History rarely repeats itself, but it often rhymes.
The parallels between the backlash against trans rights and gay rights are astonishing.
This is Anita Bryant, chart topping singer, orange juice promoter - and the face of the anti-gay rights movement in the US in the 1970s. https://t.co/LIjKLMWe1P
Anita Bryant was very popular in her time. She topped the Good Housekeeping magazine poll as "Most Admired Woman in America" in 1978, 1979 and 1980.
A Gallup poll listed her in the top 10 most popular women on earth.
As you can see from from Time magazine in 1977, she was presented as the victim of a militant, violent male gay mob, and of what is now called 'cancel culture'. https://t.co/oT3byiGTOl
Anita Bryant spoke, at great length, about how she was subjected to death threats, bomb threats, threats to kidnap her kids, and "received hate mail with human faeces and voodoo dolls regularly".
This was used as evidence that the gay rights movement was violent and dangerous. https://t.co/u3lVVc11Ep
Anita Bryant did famously have a pie thrown in her face by the gay rights' activist Thom L. Higgins.
That led to the New York Times and some liberals at the time to leap to Bryant's defence, arguing she had the right to her views "without suffering abuse". https://t.co/kwgUMtiNrb
Now, Anita Bryant claimed that she was not motivated by homophobia or prejudice at all. She declared: "My stand was not taken out of homophobia, but of love for them [gay people]." https://t.co/h23S97Pmde
Instead, Anita Bryant claimed to be defending the rights of children. Her coalition was called 'Save Our Children'. She believed that the gay rights movement discriminated against children's rights, and that gay people sought to brainwash and recruit vulnerable children. https://t.co/Bxa5QfHnoJ
Anita Bryant set up a "charitable organisation" which claimed to treat gay people - to detransition them, if you will - and to provide inspirational case studies of "ex-gay" people.

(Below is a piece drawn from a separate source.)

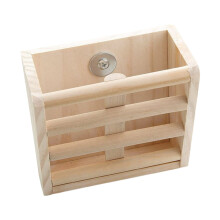 Guinea pig grass holder small pet chinchilla grazer chewing proof with feeding slot for guinea pig rabbit
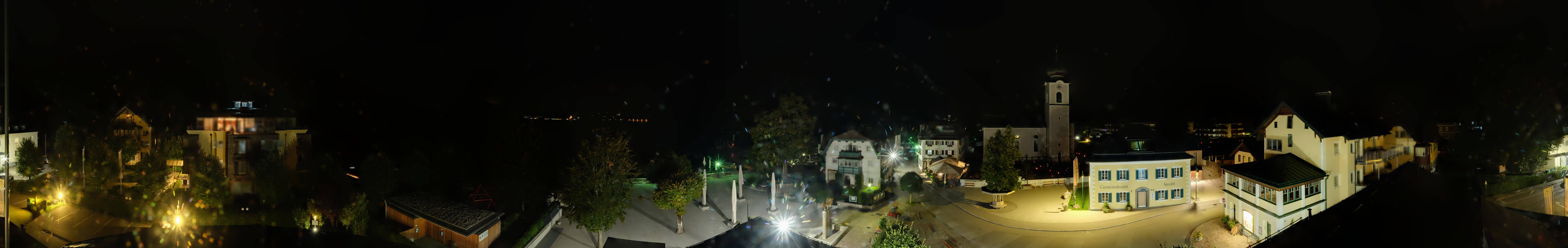 Archiv Foto Webcam Panoramasicht über Strobl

Today, of course, we call this conversion therapy. https://t.co/kwcpnnNeoI
Now, today, Anita Bryant is not seen as a victim of a violent "militant" gay rights' movement, but as a villain who made life considerably harder for a marginalised and besieged minority. https://t.co/bzfvwBaqnj
Anita Bryant is still alive today, and has lived long enough to watch the anti-gay laws she championed be overturned, and US public opinion towards gay people dramatically change for the better.
Her granddaughter is gay. https://t.co/nx9I4iNXW8
There's a lack of appreciation today of how bitterly controversial gay rights was once deemed to be, how the gay rights movement was portrayed as a really dangerous, abusive, "militant" and violent rabble.
This is exactly how trans rights is portrayed today.